The researchers stated that both the influenza vaccination and influenza infection are associated with inflammation, and that acute inflammation can trigger cardiovascular events. Regarding vaccination inflammation, researchers referred to the findings of a study from The Netherlands, which reported on adverse effects ranging from injection-site inflammation to limb swelling. 

The study reviewed the risk of MI in the context of vaccination versus infection. Among those with influenza or influenza-like illness who did not get vaccinated, the risk of MI was 5.8 times higher during the first three days of infection; it was 4.5 times higher between four and seven days.

Among the vaccinated cohorts, the study found the vaccine was safe regarding the short-term risk for MI and “the pooled estimate showed a significant risk reduction of MI risk in the first month after vaccination.”
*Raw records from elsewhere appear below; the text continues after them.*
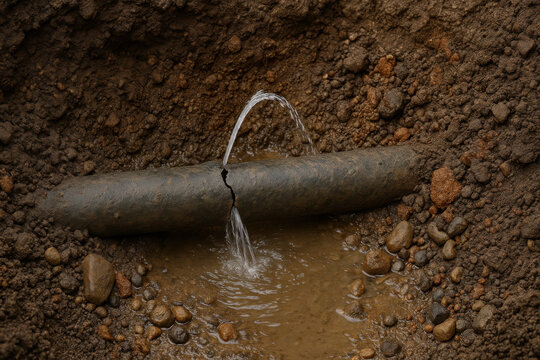 Cracked underground water pipe with soil excavation exposure. Damage detail reveals plumbing leak creating maintenance risk, an environmental problem, and an infrastructure repair concept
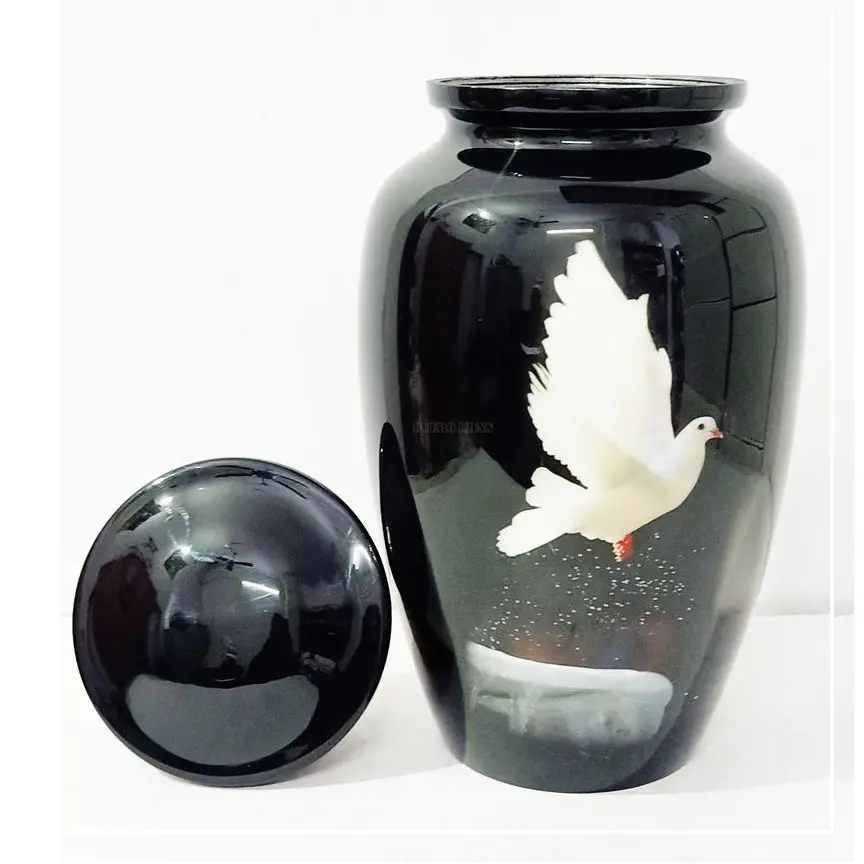 Хорошее качество, современные черные металлические урны для кремации, милый белый голубь, Летающий рисунок для взрослых, для человеческого пепла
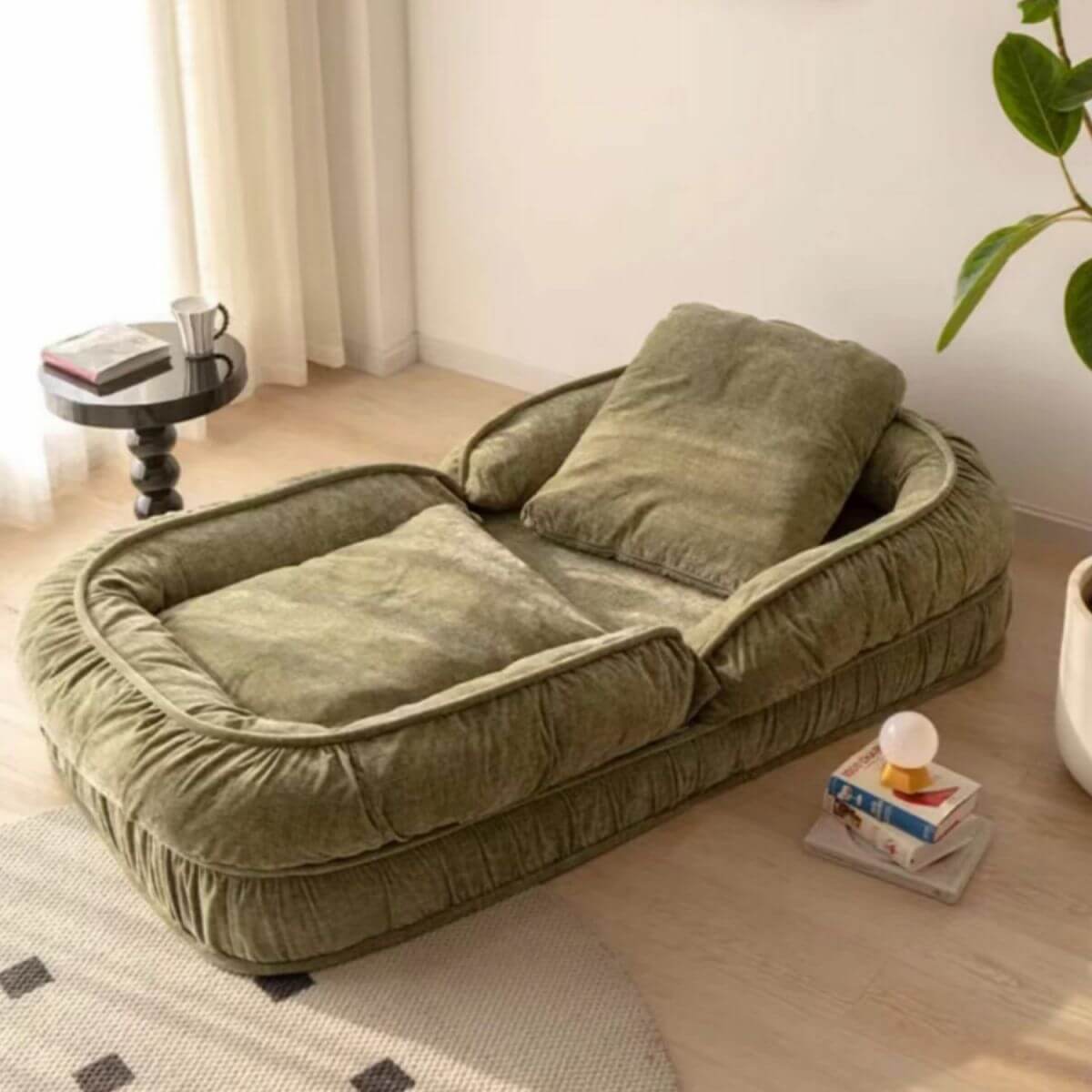 Traditional Chenille Recliner in Khaki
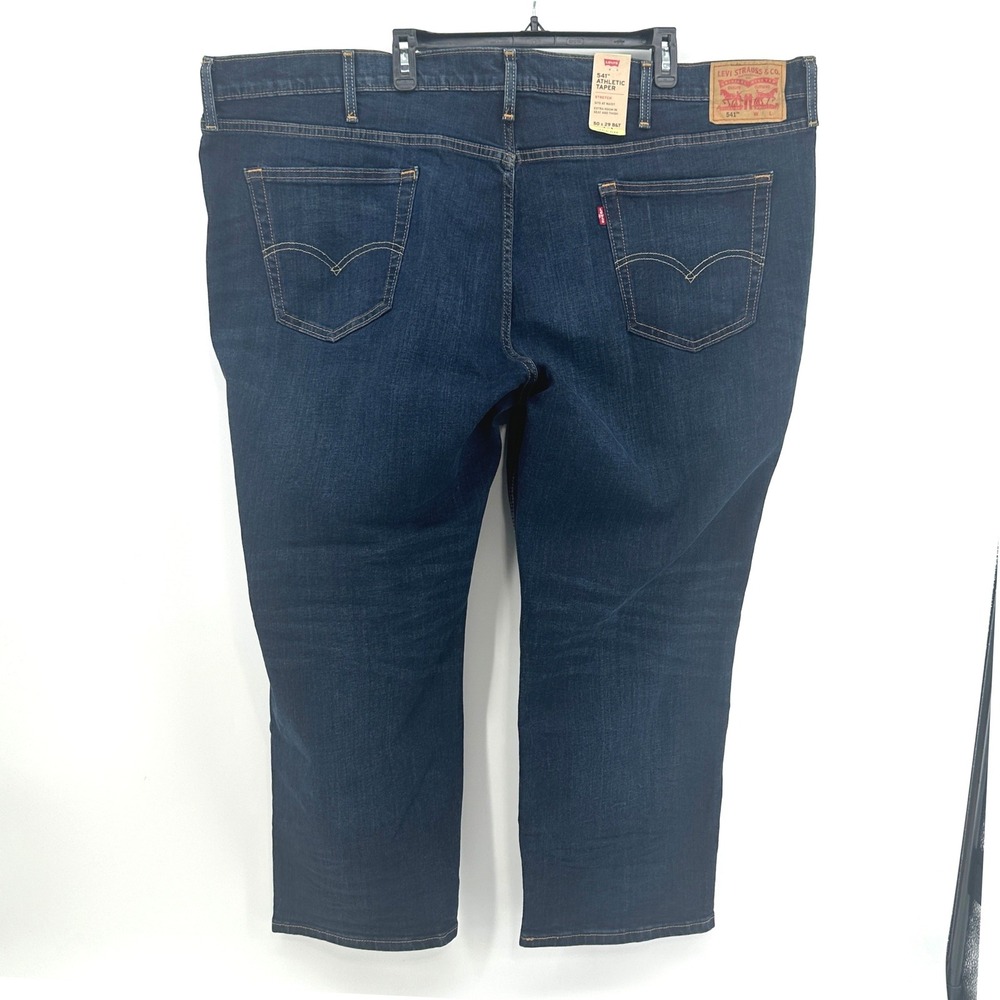 Levi's 541 Athletic Taper Men 50x29 Dark Blue Solid Athletic Fit Modern NEW - Picture 3 of 12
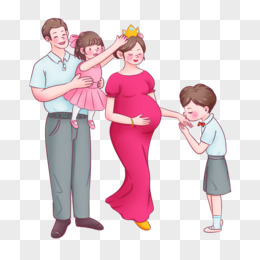 孕妇一家人卡通图片图片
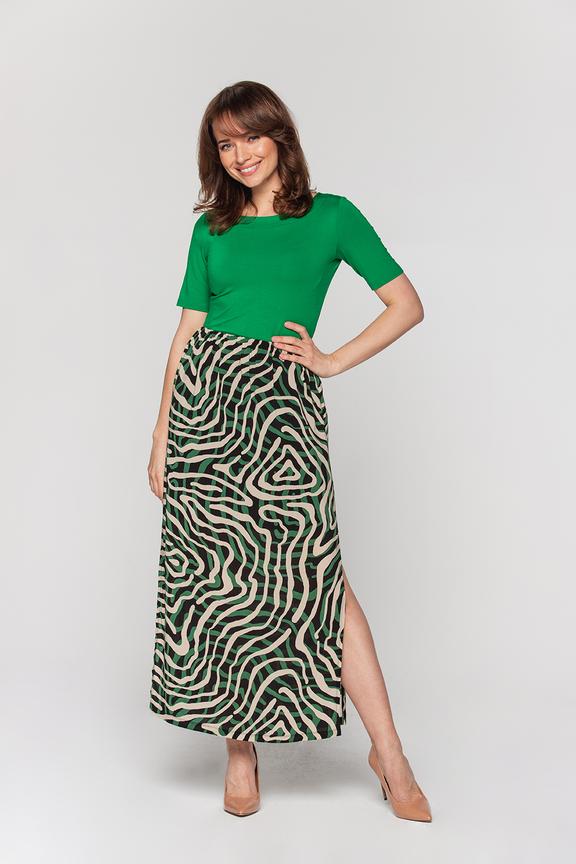 Długa letnia spódnica z rozcięciami po bokach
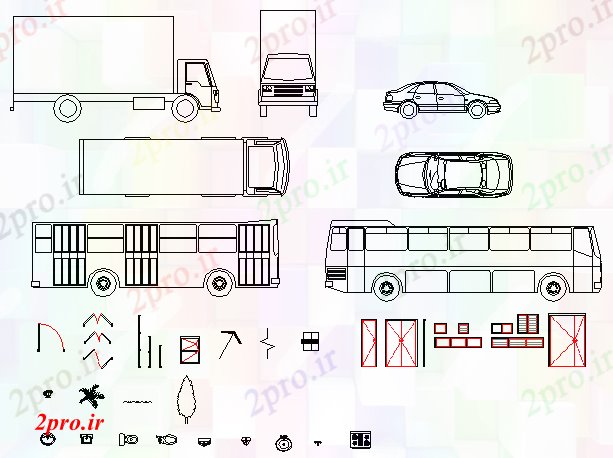 دانلود نقشه بلوک وسایل نقلیه  پویا حمل و نقل خودرو طراحی قالب طرحی بلوک (کد58164)
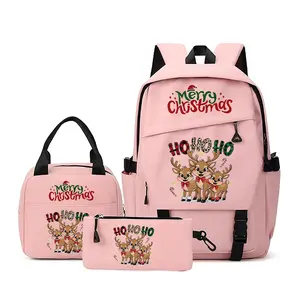 Christmas Theme Three-Piece Backpack Set, Cute Reindeer Print, Adjustable Straps, Soft Material, Large Capacity, Ideal Gift
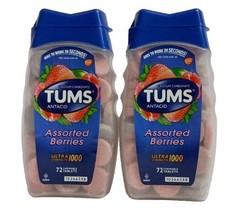 2X Tums Ultra Strength 1000 Assorted Berries Antacid Tablets 72 Ct. Each - £11.69 GBP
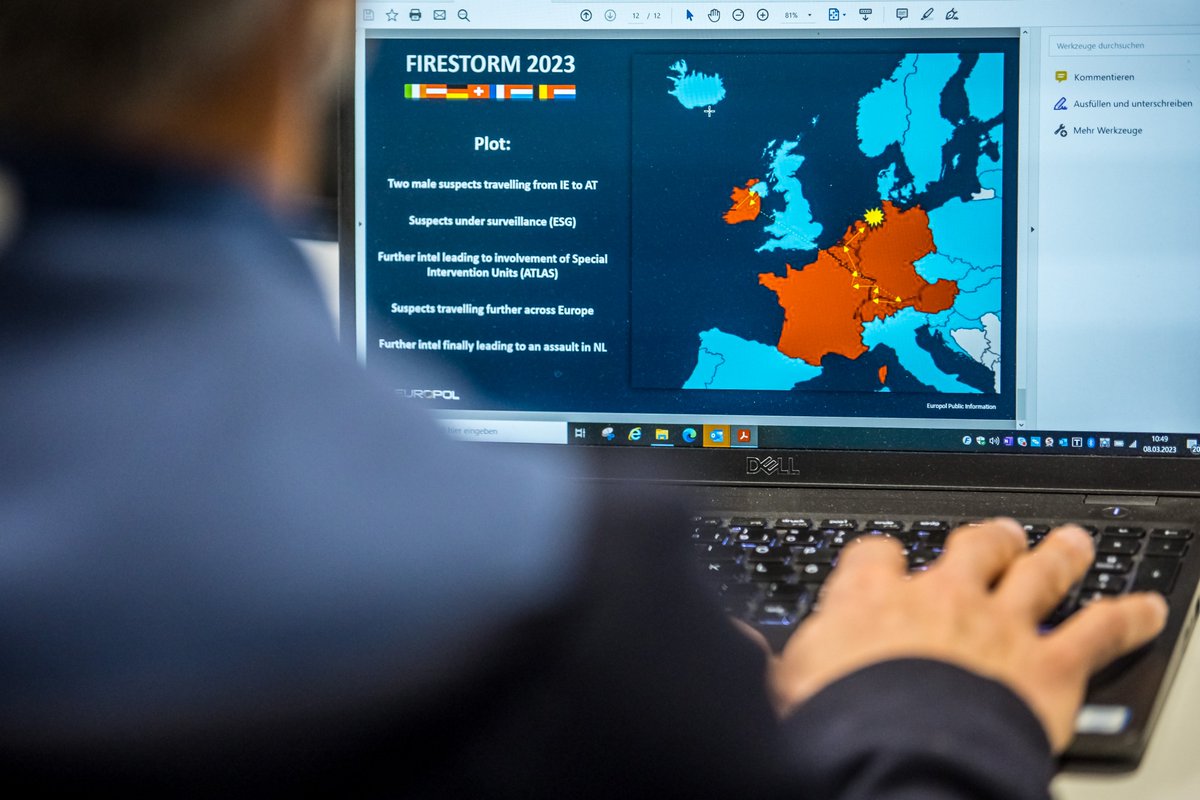 Europol's tweet photo. 🔥 Intervention &amp; surveillance units from 9 countries joined forces this month for #ATLASExercise Firestorm.

🇮🇪🇬🇧🇦🇹🇩🇪🇨🇭🇫🇷🇱🇺🇧🇪🇳🇱

The exercise focused on a fictional terrorist plot that tracked targets across borders &amp; unravelled their nefarious plans.

➡️ https://t.co/CQr6AoatdD https://t.co/hUUBDWDBtx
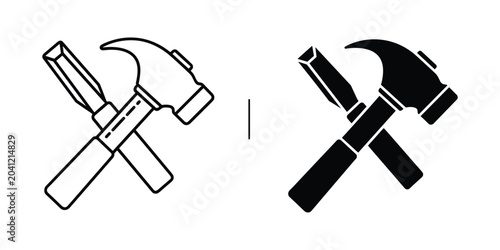 Foto Hammer and chisel crossed against white background with concept of construction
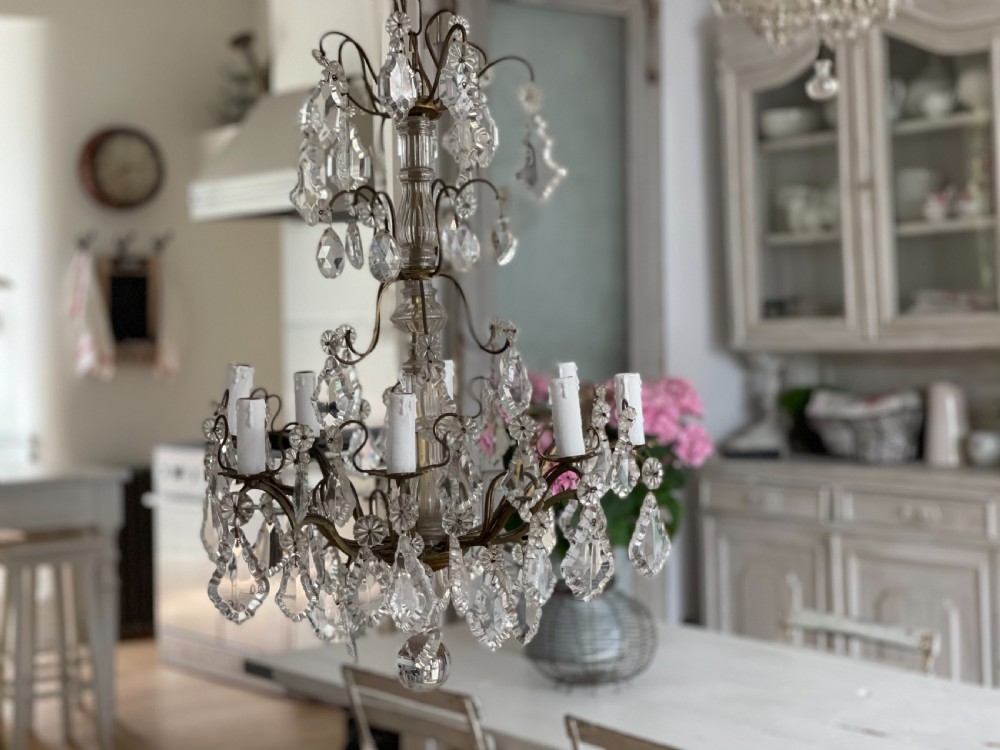 Large 19th century French 6 arm crystal chandelier  View V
While protective cardiovascular effects from flu shots are increasingly recognized, the duration of protection is unknown, according to Dr. Jacob Udell, associate professor of medicine at the University of Toronto. Protection may wane over time and is “likely just for that immediate season, with variation year to year in match and virulence of circulating strains,” he said.

On the plus side, studies suggest that flu vaccines may afford mild protection to strains of flu similar but not identical to those contained in the vaccine.

People who get the flu, especially more severe cases, can develop systemic inflammatory response syndrome which can lead to lower oxygen delivery to the myocardium. Inflammation contributes to plaque rupture and thrombus formation. However, many studies have not included milder influenza patients.

In addition to inflammation, influenza and influenza-like illnesses increase MI risk because “an already vulnerable patient doesn’t thrive with an infection that causes pneumonia, low oxygen, stress hormone release, faster pulse, low blood pressure. Alternatively, there is accumulating evidence of direct flu invasion in heart tissue in patients with heart complications, similar to lung tissue with severe pneumonia,” said Udell.

He added that studies suggest there are many similarities with COVID-19, “but COVID-19 is more stealthy and contagious.”

Dr. Udell is co-author of a new study describing mechanistic links between influenza and COVID-19 infection and the risk of acute cardiovascular events, published in the Journal of the American College of Cardiology.